Unusual surface and solution behaviour of keratin polypeptides

Abstract

Keratins are filament proteins, but we report in this work that water-soluble keratin polypeptides hydrolyzed from wool could readily adsorb onto the surface of water and could thus be used as surface active biomaterials. Neutron reflection measurements with the help of deuterium labelling were used to determine the adsorbed amount and distribution of the polypeptide layers formed. It was found that the interfacial layers were comprised of two main regions, a dense top layer of 18–25 Å and a loose bottom layer of 25–30 Å. Half of the top dense layer was exposed to air with the remainder of the top layer and the diffuse bottom layer immersed in the aqueous solution. Both the volume fraction and the layer thickness increased with keratin solution concentration as did the adsorbed amount which was seen to plateau just above 2 mg m⁻² at approximately 0.1 g dm⁻³ (2.1 μM). Increase in [NaCl] led to reduced surface adsorption, accompanied with the thinning of the top layer.
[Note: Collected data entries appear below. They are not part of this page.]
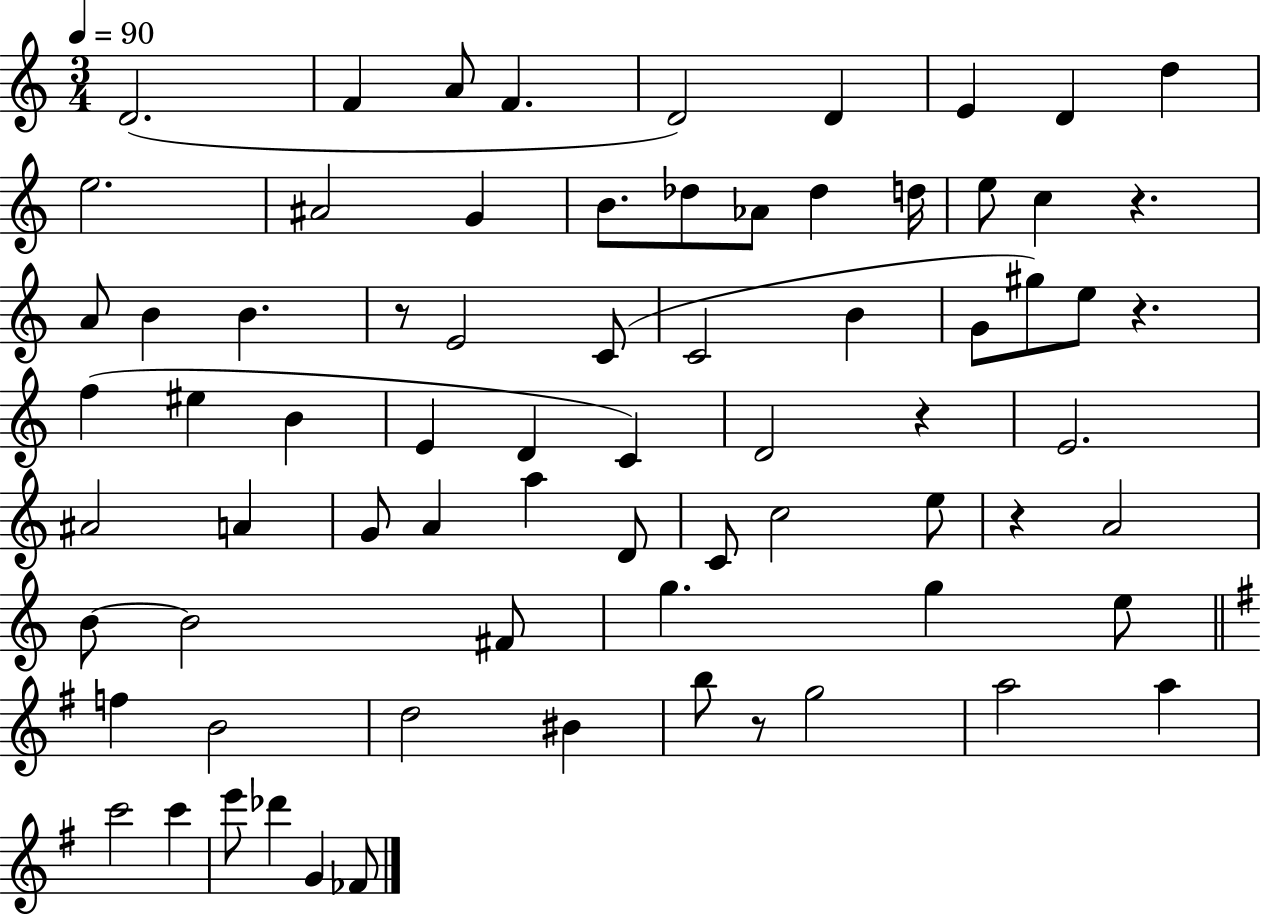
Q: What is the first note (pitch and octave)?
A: D4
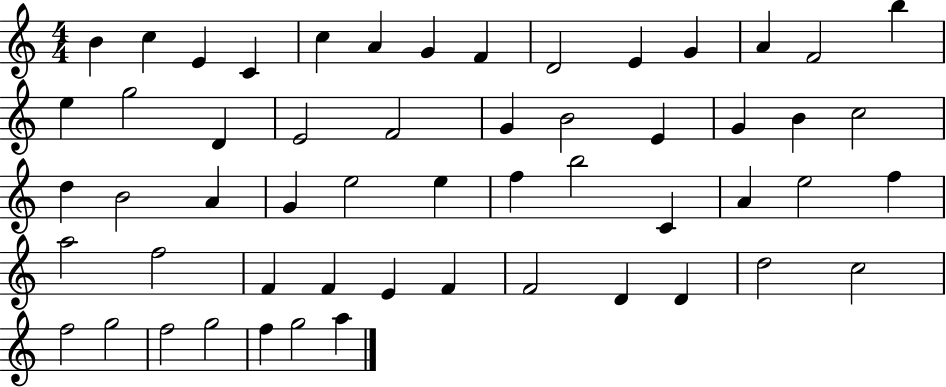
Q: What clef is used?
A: treble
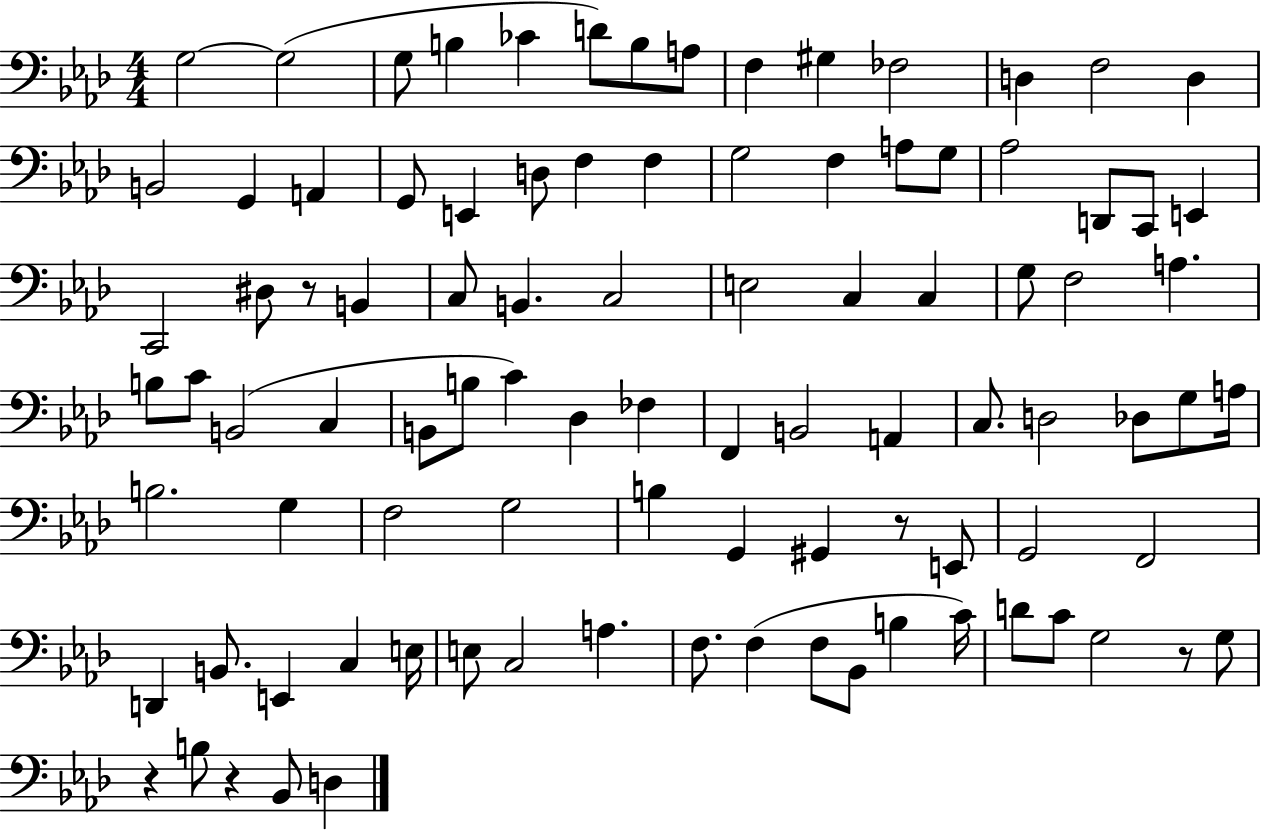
X:1
T:Untitled
M:4/4
L:1/4
K:Ab
G,2 G,2 G,/2 B, _C D/2 B,/2 A,/2 F, ^G, _F,2 D, F,2 D, B,,2 G,, A,, G,,/2 E,, D,/2 F, F, G,2 F, A,/2 G,/2 _A,2 D,,/2 C,,/2 E,, C,,2 ^D,/2 z/2 B,, C,/2 B,, C,2 E,2 C, C, G,/2 F,2 A, B,/2 C/2 B,,2 C, B,,/2 B,/2 C _D, _F, F,, B,,2 A,, C,/2 D,2 _D,/2 G,/2 A,/4 B,2 G, F,2 G,2 B, G,, ^G,, z/2 E,,/2 G,,2 F,,2 D,, B,,/2 E,, C, E,/4 E,/2 C,2 A, F,/2 F, F,/2 _B,,/2 B, C/4 D/2 C/2 G,2 z/2 G,/2 z B,/2 z _B,,/2 D,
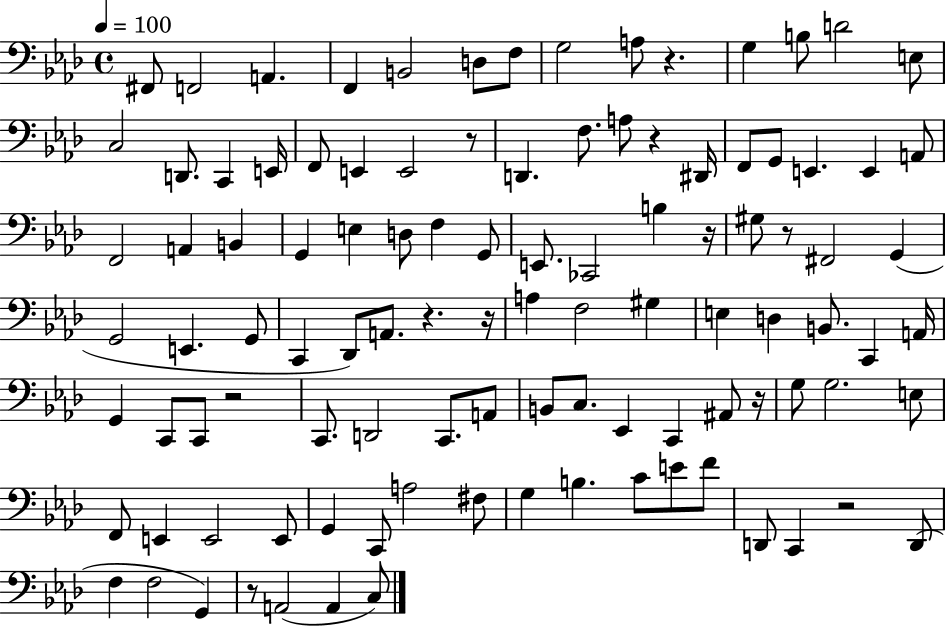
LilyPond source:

{
  \clef bass
  \time 4/4
  \defaultTimeSignature
  \key aes \major
  \tempo 4 = 100
  \repeat volta 2 { fis,8 f,2 a,4. | f,4 b,2 d8 f8 | g2 a8 r4. | g4 b8 d'2 e8 | \break c2 d,8. c,4 e,16 | f,8 e,4 e,2 r8 | d,4. f8. a8 r4 dis,16 | f,8 g,8 e,4. e,4 a,8 | \break f,2 a,4 b,4 | g,4 e4 d8 f4 g,8 | e,8. ces,2 b4 r16 | gis8 r8 fis,2 g,4( | \break g,2 e,4. g,8 | c,4 des,8) a,8. r4. r16 | a4 f2 gis4 | e4 d4 b,8. c,4 a,16 | \break g,4 c,8 c,8 r2 | c,8. d,2 c,8. a,8 | b,8 c8. ees,4 c,4 ais,8 r16 | g8 g2. e8 | \break f,8 e,4 e,2 e,8 | g,4 c,8 a2 fis8 | g4 b4. c'8 e'8 f'8 | d,8 c,4 r2 d,8( | \break f4 f2 g,4) | r8 a,2( a,4 c8) | } \bar "|."
}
Cryo-TEM imaging revealed that the keratin aggregates had an ellipsoidal structure with radii ranging from 60 Å to 220 Å. The ellipsoidal shape was well supported by SANS, with the major radius of 140 Å and the minor radius of 60 Å. With increasing [NaCl], the ellipsoids became thinner but longer, a feature consistent with the observed trend from surface adsorbed layer. This unusual behaviour could be explained by the electrostatic screening effect. As the salt concentration increased, the polypeptide chains became stiffer and more readily aligned, resulting in thinner layers and longer aggregates.